Although he expressed continuing doubts about
the probability of locating Michel, Guntram agreed to act as
Danise’s escort.

“But only if you go, too, Clothilde,” Guntram
said. “It’s not right for a young woman to spend days and nights in
the company of warriors without a female companion.”

“I could not let you leave Deutz without me,”
Clothilde responded.

“Then we will go tomorrow,” Guntram said.
“I’ll speak to Hubert about this plan. I’m sure I can convince him
to release Uland from duty temporarily along with two or three of
the other men who were with Michel and me and who know that area
well by now. But, Danise, you must understand that we may not find
him alive. We may find his body, or find nothing at all, as
happened before.”

“If we find his body, at least we will know
what happened to him, and we can bring him home for a Christian
burial,” she replied. “I have considered that possibility.” She did
not add that it was a possibility she refused to accept.

“What would you do then?” Guntram asked.

“If we do not find Michel,” she said, “I will
turn Elhein over to Charles and retire from the world. I will go to
Chelles and die there, for I cannot live without Michel.”

At this, Guntram and Clothilde exchanged a
look of understanding.

“We will do our best to find Michel,” Guntram
promised.

 

* * *

 

Danise, Clothilde, Guntram, and four other
men set out early the next day. In her scrip, the small purse she
wore at her belt, Danise carried the stiff little card that bore
Michel’s likeness. Whenever they met other travelers, or passed
peasants farming the land or, as happened twice, encountered king’s
messengers heading toward Aachen with reports for Charles, Danise
pulled out the card and, saying it was painted by a foreign
craftsman, she asked if the man depicted had been seen. The answer
was always negative.

They traveled inland from the Rhine, avoiding
the riverside cliffs and promontories that rose upstream south of
Deutz. Their errand was too urgent to allow them time to view the
scenery. Instead, they took a track Guntram knew through the deep
forest. For the most part they slept under the stars and ate the
food they brought with them. It was three and a half long days
after leaving Deutz before they came to the clearing and the dead
ashes of the site of Autichar’s camp.

This is where we last saw Michel,” Guntram
said. “We’ll stop here again and begin our search from this
spot.”

“I want you to show me where you found
Autichar after he was struck dumb,” Danise told him as soon as she
had dismounted.

“There’s little to see except trees,” Guntram
said. “I’ve looked at that place a dozen times, but perhaps you
will notice something I have missed.

“It’s here,” Guntram said a few minutes
later, having led Danise through a grove of trees. “I marked this
tree with my ax so we could find it again while we were searching
the first time. This is exactly where we discovered Autichar
kneeling on the ground, unable to speak.”

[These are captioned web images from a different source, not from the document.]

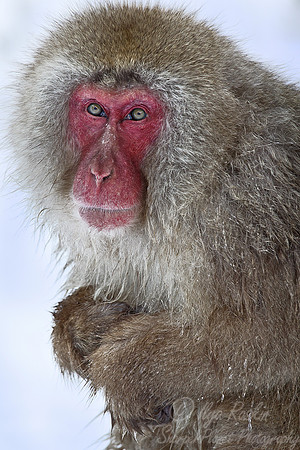 056 Japanese macaque (Snow monkey)(Macaca fuscata) - Nagano Japan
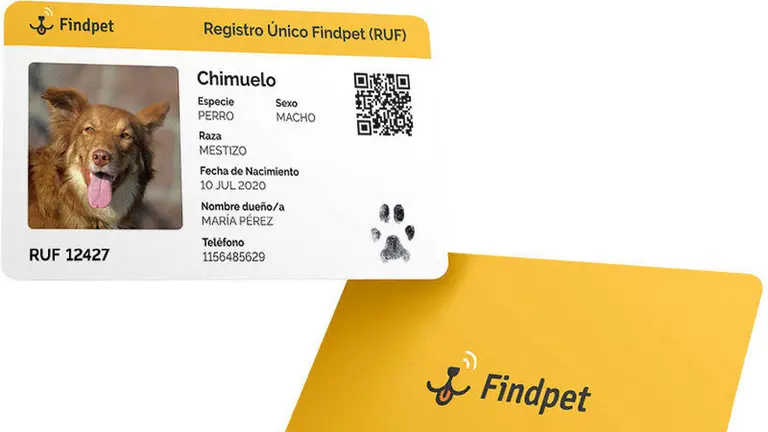 Con esta app, todos los perros y gatos pueden tener su DNI: cómo funciona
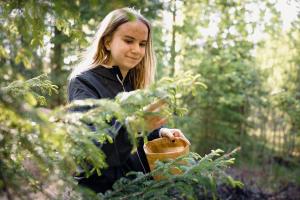 Nuori nainen kerää kuusenkerkkiä kesällä. 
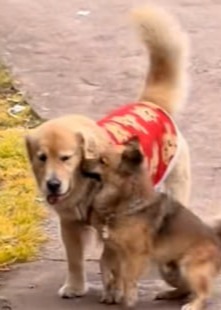 带狗退婚萌犬反水牵红线-动漫合集海报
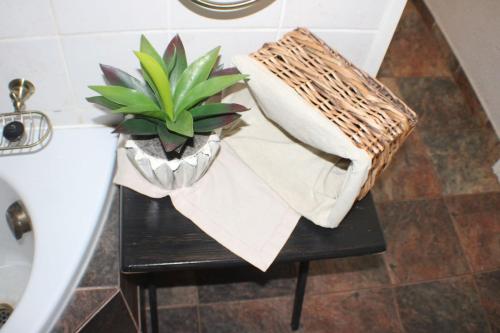 a potted plant on a table next to a bath tub at Ukarimu Guest House in Klerksdorp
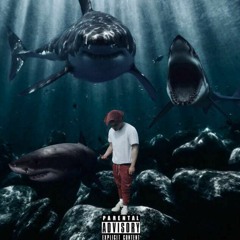 INTRO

“We must examine every bit of this area,”
Danise said, looking around at tree trunks and heavy
underbrush.

“We already have, many times over, but we’ll
do it again for you,” Guntram said.

The men worked until dark, nor did Danise
spare herself or Clothilde from the effort. They discovered nothing
that might tell them what had become of Michel. When evening came
Danise sat by the campfire, only half listening to the men talking.
She felt a little guilty because she had not told Guntram what she
feared had really happened to Michel, what she hoped and prayed had
not happened.

She was the only one in Francia who knew that
Michel had come to her time from the future. Guntram’s insistence
that all his searching, and his men’s, had produced no sign of
Michel made Danise believe that her husband might have been
returned to his own time. The thought that Michel might be living
more than a thousand years in the future and unable to contact her,
the fear that she would never see him again, was enough to drive
her close to madness. She thought it was possible that Autichar had
seen Michel leave the present time, and the sight had stricken him
dumb with terror.

This was why Danise had been so set upon
making another search for Michel. She had to
know
where he
was. Even if they discovered his mangled body, it would be better –
or would it? Did she want him dead rather than alive and well in a
time and place so far removed from her? Was she that selfish?

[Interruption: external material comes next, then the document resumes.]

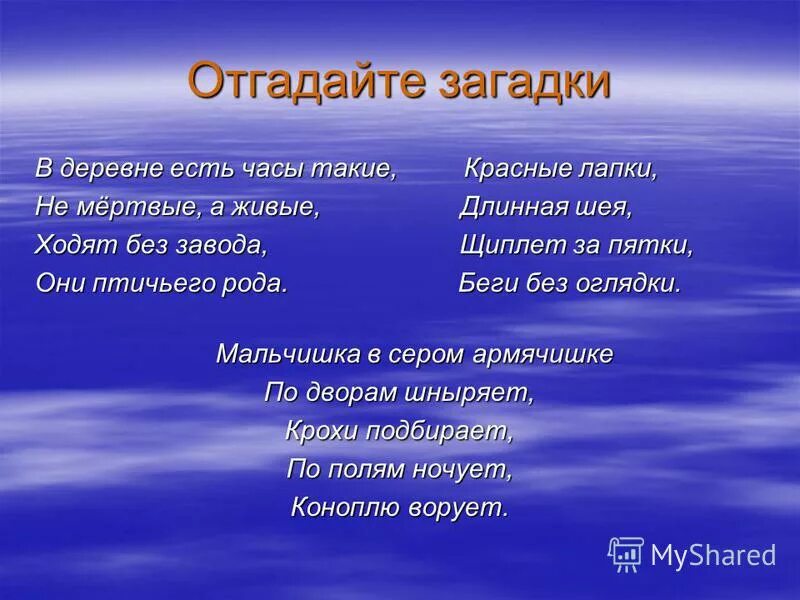 Загадки. Загадка про деревню. Загадки про родную деревню. Загадка про деревню для детей.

“No. Not dead,” she whispered. “Not Michel.”
At once Clothilde’s arm was across her shoulders.

“We should not have come,” Clothilde said.
“This unhappy search is breaking your heart.”

“I could not stay at Deutz. We may still find
him. He might be here yet, injured or without his memory. Whatever
force made Autichar speechless may have sent Michel wandering
through the wilderness. Oh, Clothilde, if we do not discover
something
to tell us where he is, I think I will die! I must
know! I must!”

But the morrow brought no new evidence, and
by nightfall Danise could sense that the men believed all their
efforts were meaningless.

Still, she could not stop searching. Again
and again she returned to the tree Guntram had marked, there to
stand gazing about her as if by sheer longing she could bring
Michel back to her side.

On the fourth morning of their stay at
Autichar’s camp, with the men grumbling that there was no sense in
remaining where they were, with Guntram declaring that this must be
their last day in that place if nothing were found, Danise went
once more to the marked tree. Looking around her, she admitted that
there was little chance that she would ever see Michel again.

“Michel. Oh, my love, where are you?” She
turned slowly around in a complete circle, the skirts of her worn
and stained green woolen gown swirling about her ankles. She was so
tired of holding back tears she did not want to shed, fearing that
weeping would be an admission that Michel was lost to her forever.
She knew that out of respect for her father and affection for her,
Guntram and his men had done far more than any other men would have
cared to do, continuing to look for Michel when all hope of finding
him was gone. She had to let them stop searching. She had to put an
end to her time with Michel.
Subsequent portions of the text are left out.